Not declaring state of emergency in 2008 could’ve led to more victims, argues former minister of justice
YEREVAN, JULY 27, ARMENPRESS. If the government were not to declare a state of emergency on March 1, 2008 it could’ve led to additional victims, according to former minister of justice Davit Harutyunyan.
“The situation in those days in downtown Yerevan was such that not declaring state of emergency could have led to additional victims. I am saying this as a citizen whose house was nearby the very actions,” Harutyunyan told reporters today in parliament.
Harutyunyan said the declaring state of emergency is part of the tools of the president granted to him by the Consitutiokn, and a president must not answer for his actions during his tenure after his term in office ends.
“The president’s duties obliges him to ensure the security of Armenia. And these very powers, which are granted to the president for solving tasks, any action stemming from this, cannot imply responsibility in the future for these steps. Otherwise any president at the most decisive moment when the latter has to declare martial law, right up to war, can be constrained, thinking what will happen after a regime change,” argues Harutyunyan.
Speaking about the charges against former President Robert Kocharyan, Harutyunyan says he doesn’t see a legal language in the statement of the Special Investigative Service.
“I don’t see a legal part here,” he said, adding that he voiced the same opinion about the SIS’s statement concerning Michael Harutyunyan.
The former justice minister says criminal prosecution of the second president of Armenia is extremely concerning. He said that a state of emergency regime implies the use of the military during state of emergency.
“The law was adopted in 2012, and the bill passed the expertise of the Venice commission, and there was no objection in this regard, because similar approach is adopted in numerous countries,” he said.
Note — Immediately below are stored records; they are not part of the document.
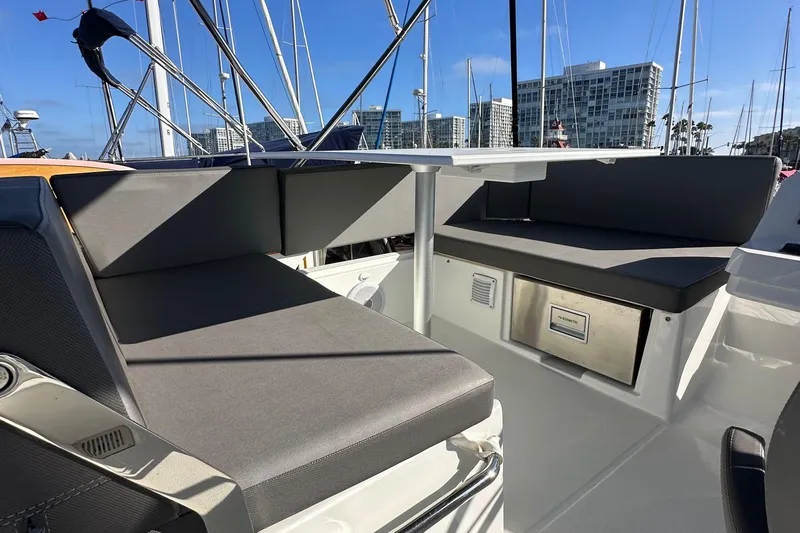Vitamin Sea Yacht Photos Pics 2023 Beneteau Antares 11 Fly boat seating area with modern design and marina backdrop.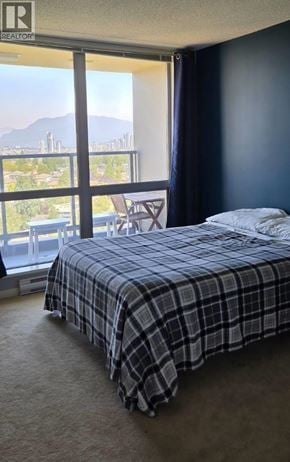 Vancouver apartment for rent - A bedroom with a bed, a chair, and a window overlooking a cityscape.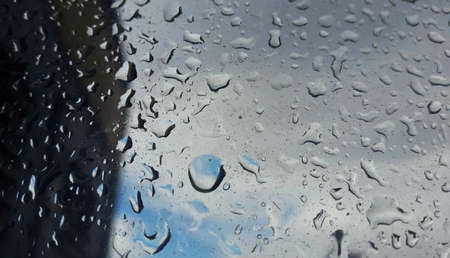 Rain water drops on blueの写真素材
Harutyunyan says the Republican Party of Armenia (HHK), his party, will soon present its political assessment over the issue.
The March 1 case is an ongoing investigation into the deadly 2008 post-election unrest in Yerevan. Kocharyan was the outgoing president at the time, as Serzh Sargsyan was named winner of the presidential election. Mass protests erupted in Yerevan, which led to fatal clashes between security forces and demonstrators.
Earlier criminal charges were pressed against Kocharyan over the March 1 case, and prosecutors requested a court to issue an arrest warrant.
Kocharyan is charged with paragraph 1 of Article 300.1 of the Criminal Code (breaching Constitutional order).